Le Permanent pop-up de Sessùn

Depuis son lancement à la fin des années 90 à Marseille, la marque de prêt-à-porter féminine casual chic connaît un succès exponentiel. Emma François, sa créatrice, ouvre aujourd’hui un nouveau lieu où seront présentées des créations éphémères, à côté de sa boutique parisienne rue de Charonne. Rencontre.

Peu d’enseignes textiles modernes ont su aussi bien capter l’air du temps, avec toujours ce soin particulier du respect de la morphologie et des matières riches et variées, et cette envie d’inspirer un mode de vie ethnique chic à ses clientes. À l’image de sa créatrice, Emma François, Sessùn est en mouvement perpétuel. Nous l’avons rencontrée à quelques jours de l’ouverture du pop-up où seront présentés collections et accessoires limités, objets d’art(isanat) et éléments de déco au charme fou, à commencer par sa première collection capsule, Marine Girls, du nom du premier groupe de Tracey Thorn dans les années 80, et par la suite voix d’Everything But the Girl.

Comment vous est venue l’idée de ce projet de pop-up store ?

Je réfléchissais depuis des années à une proposition de séries limitées et de petites raretés, éloignées des logiques de diffusion en quantité.

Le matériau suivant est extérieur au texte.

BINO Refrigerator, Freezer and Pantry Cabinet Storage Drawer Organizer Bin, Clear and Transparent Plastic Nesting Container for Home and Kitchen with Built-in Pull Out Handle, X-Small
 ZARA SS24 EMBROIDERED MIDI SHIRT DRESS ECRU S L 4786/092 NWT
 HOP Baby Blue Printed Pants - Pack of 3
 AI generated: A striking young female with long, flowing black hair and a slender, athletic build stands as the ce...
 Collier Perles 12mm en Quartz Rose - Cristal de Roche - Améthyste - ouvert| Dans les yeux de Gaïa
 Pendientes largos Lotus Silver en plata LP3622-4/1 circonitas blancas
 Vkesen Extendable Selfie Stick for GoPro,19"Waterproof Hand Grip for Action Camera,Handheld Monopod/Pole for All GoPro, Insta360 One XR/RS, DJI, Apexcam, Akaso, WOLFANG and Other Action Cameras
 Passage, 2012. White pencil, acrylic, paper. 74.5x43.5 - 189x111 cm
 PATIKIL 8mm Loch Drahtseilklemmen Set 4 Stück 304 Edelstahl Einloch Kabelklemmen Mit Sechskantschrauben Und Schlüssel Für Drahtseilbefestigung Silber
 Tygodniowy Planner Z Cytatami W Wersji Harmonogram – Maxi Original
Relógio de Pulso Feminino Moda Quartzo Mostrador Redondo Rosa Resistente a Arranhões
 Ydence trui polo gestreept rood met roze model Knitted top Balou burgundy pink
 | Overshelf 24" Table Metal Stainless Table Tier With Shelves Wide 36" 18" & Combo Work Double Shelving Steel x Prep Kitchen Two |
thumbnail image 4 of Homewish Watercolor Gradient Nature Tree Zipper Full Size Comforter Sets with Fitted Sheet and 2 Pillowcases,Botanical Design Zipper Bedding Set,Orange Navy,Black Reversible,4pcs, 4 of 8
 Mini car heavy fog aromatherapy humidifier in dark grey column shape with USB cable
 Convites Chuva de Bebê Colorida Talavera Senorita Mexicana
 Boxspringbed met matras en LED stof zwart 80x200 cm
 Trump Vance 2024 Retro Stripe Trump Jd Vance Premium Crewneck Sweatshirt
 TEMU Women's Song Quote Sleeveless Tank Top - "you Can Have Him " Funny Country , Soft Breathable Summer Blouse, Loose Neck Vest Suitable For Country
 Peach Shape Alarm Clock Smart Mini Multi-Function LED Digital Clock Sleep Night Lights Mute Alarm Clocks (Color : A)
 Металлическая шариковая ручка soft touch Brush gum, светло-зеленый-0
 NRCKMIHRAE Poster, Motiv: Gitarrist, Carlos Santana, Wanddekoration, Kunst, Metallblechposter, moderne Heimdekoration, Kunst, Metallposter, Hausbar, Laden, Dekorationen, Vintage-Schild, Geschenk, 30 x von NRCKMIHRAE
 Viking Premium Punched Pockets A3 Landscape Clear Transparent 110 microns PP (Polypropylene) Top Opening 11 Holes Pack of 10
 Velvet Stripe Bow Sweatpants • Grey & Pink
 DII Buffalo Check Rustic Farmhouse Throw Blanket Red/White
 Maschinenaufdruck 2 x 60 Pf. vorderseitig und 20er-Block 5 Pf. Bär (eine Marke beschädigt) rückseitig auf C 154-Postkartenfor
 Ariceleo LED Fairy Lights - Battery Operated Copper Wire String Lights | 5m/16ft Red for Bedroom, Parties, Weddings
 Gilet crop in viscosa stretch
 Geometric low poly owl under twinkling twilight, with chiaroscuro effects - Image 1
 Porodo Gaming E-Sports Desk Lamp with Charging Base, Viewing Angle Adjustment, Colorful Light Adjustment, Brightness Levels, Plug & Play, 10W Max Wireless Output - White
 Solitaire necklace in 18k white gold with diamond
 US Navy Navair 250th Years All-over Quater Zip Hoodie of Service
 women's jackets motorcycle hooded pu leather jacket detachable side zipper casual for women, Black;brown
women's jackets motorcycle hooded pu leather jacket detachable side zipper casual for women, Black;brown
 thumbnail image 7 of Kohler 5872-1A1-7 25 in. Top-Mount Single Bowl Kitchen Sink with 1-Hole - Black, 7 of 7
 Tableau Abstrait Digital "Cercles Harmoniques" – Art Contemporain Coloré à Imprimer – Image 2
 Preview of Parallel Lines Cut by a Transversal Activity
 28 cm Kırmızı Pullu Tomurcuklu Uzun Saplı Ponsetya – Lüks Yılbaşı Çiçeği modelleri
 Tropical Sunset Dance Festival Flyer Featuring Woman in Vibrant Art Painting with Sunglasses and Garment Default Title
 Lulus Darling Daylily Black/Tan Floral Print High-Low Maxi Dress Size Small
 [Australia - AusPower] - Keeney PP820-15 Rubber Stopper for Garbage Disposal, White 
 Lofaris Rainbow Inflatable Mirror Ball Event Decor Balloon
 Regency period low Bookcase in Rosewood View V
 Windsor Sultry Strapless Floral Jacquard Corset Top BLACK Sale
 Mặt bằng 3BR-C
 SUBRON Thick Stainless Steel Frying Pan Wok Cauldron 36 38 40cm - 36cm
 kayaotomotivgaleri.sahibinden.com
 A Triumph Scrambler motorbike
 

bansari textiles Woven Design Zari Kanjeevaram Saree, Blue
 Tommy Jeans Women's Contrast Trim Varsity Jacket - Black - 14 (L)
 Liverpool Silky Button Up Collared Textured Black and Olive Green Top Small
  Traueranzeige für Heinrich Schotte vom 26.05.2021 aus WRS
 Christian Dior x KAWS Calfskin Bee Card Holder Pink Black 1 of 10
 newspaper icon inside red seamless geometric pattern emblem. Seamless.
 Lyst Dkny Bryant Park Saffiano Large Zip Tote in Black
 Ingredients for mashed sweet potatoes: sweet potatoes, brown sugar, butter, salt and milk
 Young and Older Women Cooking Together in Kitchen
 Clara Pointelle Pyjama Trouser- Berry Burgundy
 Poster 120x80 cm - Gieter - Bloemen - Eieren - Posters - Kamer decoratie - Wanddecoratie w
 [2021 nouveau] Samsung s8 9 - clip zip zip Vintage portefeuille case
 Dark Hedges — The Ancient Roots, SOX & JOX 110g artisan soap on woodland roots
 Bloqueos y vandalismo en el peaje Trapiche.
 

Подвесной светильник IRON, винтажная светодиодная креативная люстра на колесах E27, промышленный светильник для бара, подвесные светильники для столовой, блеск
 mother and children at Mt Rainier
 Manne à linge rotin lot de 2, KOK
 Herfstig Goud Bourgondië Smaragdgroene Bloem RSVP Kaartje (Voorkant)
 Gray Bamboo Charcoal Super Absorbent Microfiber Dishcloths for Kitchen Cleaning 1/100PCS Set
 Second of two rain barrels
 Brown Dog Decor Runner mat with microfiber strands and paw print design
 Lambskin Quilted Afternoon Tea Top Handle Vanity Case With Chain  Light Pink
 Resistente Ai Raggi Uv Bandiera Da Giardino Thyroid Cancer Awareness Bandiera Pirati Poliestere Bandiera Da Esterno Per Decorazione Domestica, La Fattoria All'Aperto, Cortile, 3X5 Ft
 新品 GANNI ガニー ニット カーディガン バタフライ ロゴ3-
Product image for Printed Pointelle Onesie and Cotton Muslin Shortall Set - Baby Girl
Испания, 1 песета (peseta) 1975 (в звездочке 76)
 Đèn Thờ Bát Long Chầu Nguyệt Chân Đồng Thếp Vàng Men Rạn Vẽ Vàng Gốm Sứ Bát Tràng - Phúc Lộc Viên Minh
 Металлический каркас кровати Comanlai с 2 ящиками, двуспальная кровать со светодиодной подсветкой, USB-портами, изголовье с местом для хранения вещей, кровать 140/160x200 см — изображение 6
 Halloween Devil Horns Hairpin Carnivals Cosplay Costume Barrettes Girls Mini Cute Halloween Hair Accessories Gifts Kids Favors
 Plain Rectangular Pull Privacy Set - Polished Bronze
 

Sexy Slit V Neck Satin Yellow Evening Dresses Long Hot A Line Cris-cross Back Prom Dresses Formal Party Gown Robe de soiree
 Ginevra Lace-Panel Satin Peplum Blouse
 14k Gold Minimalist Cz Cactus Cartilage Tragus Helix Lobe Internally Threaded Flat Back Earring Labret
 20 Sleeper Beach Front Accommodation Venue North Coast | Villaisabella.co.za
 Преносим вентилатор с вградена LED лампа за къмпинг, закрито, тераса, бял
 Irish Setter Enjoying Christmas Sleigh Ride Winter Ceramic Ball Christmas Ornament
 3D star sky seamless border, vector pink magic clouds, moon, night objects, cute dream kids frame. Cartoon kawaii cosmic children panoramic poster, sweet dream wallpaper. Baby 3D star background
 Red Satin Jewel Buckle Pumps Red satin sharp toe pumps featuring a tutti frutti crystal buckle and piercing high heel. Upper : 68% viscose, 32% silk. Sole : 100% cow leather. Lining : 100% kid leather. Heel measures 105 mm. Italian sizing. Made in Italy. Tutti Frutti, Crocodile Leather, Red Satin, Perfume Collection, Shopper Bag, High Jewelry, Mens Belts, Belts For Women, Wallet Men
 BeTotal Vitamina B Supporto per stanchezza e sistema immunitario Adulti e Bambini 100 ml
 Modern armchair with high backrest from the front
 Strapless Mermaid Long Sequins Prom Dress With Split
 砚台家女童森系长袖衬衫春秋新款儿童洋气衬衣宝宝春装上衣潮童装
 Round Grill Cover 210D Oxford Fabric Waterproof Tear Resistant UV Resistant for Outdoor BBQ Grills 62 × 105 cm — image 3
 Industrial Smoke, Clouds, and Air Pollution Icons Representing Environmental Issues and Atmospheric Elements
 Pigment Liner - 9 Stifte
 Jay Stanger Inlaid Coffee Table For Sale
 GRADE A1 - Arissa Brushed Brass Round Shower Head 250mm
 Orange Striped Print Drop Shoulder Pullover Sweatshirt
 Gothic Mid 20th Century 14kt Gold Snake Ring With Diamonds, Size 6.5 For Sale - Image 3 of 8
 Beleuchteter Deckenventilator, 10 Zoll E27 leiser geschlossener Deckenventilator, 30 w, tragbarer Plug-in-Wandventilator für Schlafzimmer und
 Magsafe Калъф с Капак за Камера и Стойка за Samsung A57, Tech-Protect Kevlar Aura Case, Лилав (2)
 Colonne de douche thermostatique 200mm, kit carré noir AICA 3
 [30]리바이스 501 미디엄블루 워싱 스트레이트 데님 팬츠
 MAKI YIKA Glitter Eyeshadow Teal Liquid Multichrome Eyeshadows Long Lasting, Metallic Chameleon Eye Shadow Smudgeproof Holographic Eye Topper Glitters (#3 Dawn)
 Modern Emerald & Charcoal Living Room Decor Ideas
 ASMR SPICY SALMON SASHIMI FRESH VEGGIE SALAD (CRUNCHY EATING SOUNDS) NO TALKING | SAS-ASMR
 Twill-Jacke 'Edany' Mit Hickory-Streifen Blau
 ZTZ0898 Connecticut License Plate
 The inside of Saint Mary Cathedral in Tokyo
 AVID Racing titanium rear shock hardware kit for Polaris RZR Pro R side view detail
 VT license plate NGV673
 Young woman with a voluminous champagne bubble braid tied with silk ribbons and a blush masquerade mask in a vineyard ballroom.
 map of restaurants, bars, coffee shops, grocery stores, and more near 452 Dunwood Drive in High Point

Avec l’idée de travailler autour de thématiques mêlant plusieurs corps et cœurs de métiers, savoir-faire ou disciplines. En 2013, le projet s’est initié avec nos expos lancées en boutique, la dernière a eu lieu en 2013 autour de l’artisanat et de l’indigo : Indicraft. L’idée d’avoir un lieu dédié à ces événements polymorphes a germé et nous nous sommes mis à la recherche de celui-ci. Coup de chance, le local mitoyen de notre boutique parisienne s’est libéré. Très vite, l’idée a été de créer non pas une extension mais bien un lieu différent et atypique, une boutique transformable au gré de nos envies. Un pop-up mais permanent.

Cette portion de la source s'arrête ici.